La présidentielle française à l’heure algérienne

[Par Larbi GRAINE] Les présidentielles françaises sont toujours ardemment suivies en Algérie. Le sort de la diaspora d’origine algérienne, la question de la libre circulation entre les deux pays, sont  les points qui retiennent le plus l’attention des Algériens. Parfois la passion mise dans le suivi des moindres détails inhérents à l’actualité française, a fait dire à certains que les Algériens agissent par compensation de l’absence chez eux de débat d’idées et de véritable compétition politique.

El Boulitik البوليتيك, L’Homme Jaune, 2017 ©Facebook/L’Homme Jaune

Il n’empêche, de part et d’autre de la Méditerranée, il y a une espèce de commune intuition marquée par une affinité géopolitique ayant donné lieu à de multiples correspondances. Par exemple, sitôt que l’attentat terroriste sur les Champs-Elysées connu, on a pu lire sur les réseaux sociaux investis par les Algériens, que cela allait profiter à Marine Le Pen. D’autres pensent que cela est de nature à défavoriser Jean-Luc Mélenchon, lequel est très bien estimé  pour son esprit d’ouverture et sa bonne disposition envers les étrangers. En outre, le feuilleton Fillon n’est pas passé inaperçu. Il a beaucoup amusé.

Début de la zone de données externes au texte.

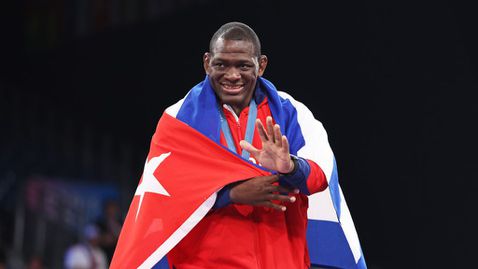 Родният град на Лопес празнува подвига на олимпийския си шампион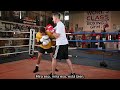 STOP THE COUNTER! How to Control the Head When Your Opponent Slips Your Right Hand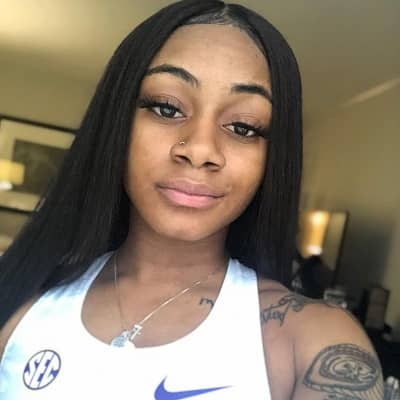 Sha’Carri Richardson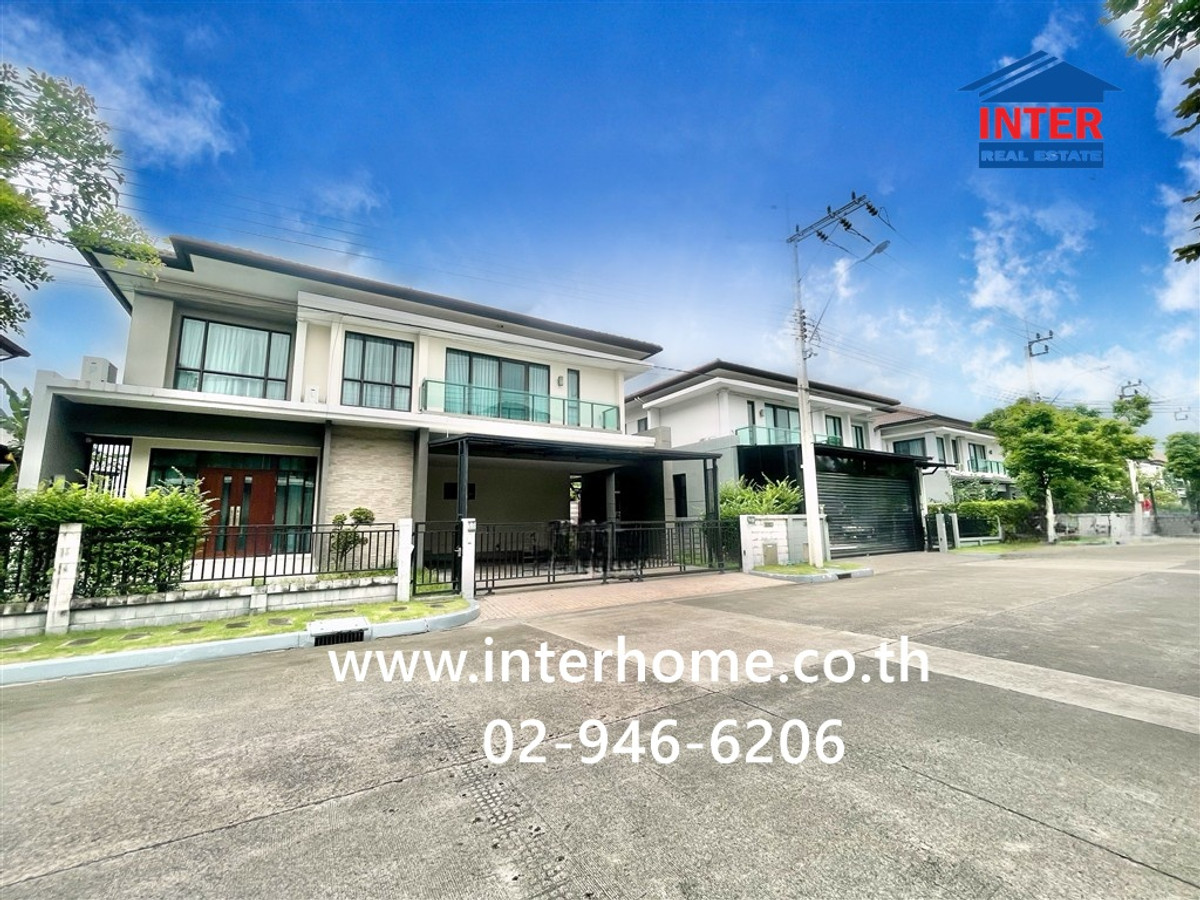 บ้านเดี่ยว 2 ชั้น 81.6 ตร.ว. หมู่บ้านเดอะซิตี้พัฒนาการ97 ซอยพัฒนาการ97 ถนนพัฒนาการตัดใหม่ ถนนศรีนครินทร์ เขตประเวศ กรุงเทพมหานคร บ้านเดี่ยว 2 ชั้น 81.6 ตร.ว. หมู่บ้านเดอะซิตี้พัฒนาการ97 ซอยพัฒนาการ97 ถนนพัฒนาการตัดใหม่ ถนนศรีนครินทร์ เขตประเวศ กรุงเทพมหานคร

Jamais les Algériens ne se sont sentis aussi proches des Français que dans cette affaire de corruption.

Un journal satirique local a du reste publié un article au titre évocateur : « l’Algérie et la France signent un partenariat pour échanger leurs savoir-faire en matière de corruption ». Que cela soit dit en passant, la démocratie européenne n’est plus aussi idéalisée qu’elle ne l’était dans les années 1970 et 1980. Ce qui donc a dû créer un trait de convergence supplémentaire entre les régimes du Sud et du Nord. Les Algériens ne voteront donc pas pour Fillon. Ils ont quelque sympathie par contre pour Macron qui a su se faire connaitre à l’occasion du voyage qu’il a effectué en Algérie. Son discours aux accents anticolonialistes a séduit les officiels et de nombreuses franges de la population restées sensibles aux thèmes nationalistes.

Entretien d’Emmanuel MACRON pour la chaîne d’information algérienne EchorouknewsTV, le 14 février 2017.

La scène politique française est, en fin de compte généralement appréhendée en termes de xénophobie et de xénophilie. La configuration gauche- droite ne parait pas avoir de sens.  Il va sans dire que le Front national de Marine Le Pen est négativement célèbre. Son image est associée  aux dérives de la société française.  En outre, dans une Algérie où pullulent les nouveaux riches, Mélenchon est apprécié pour ses coups de gueule contre cette catégorie sociale. Si les Algériens pouvaient voter pour le candidat de France insoumise, il battrait certainement des records.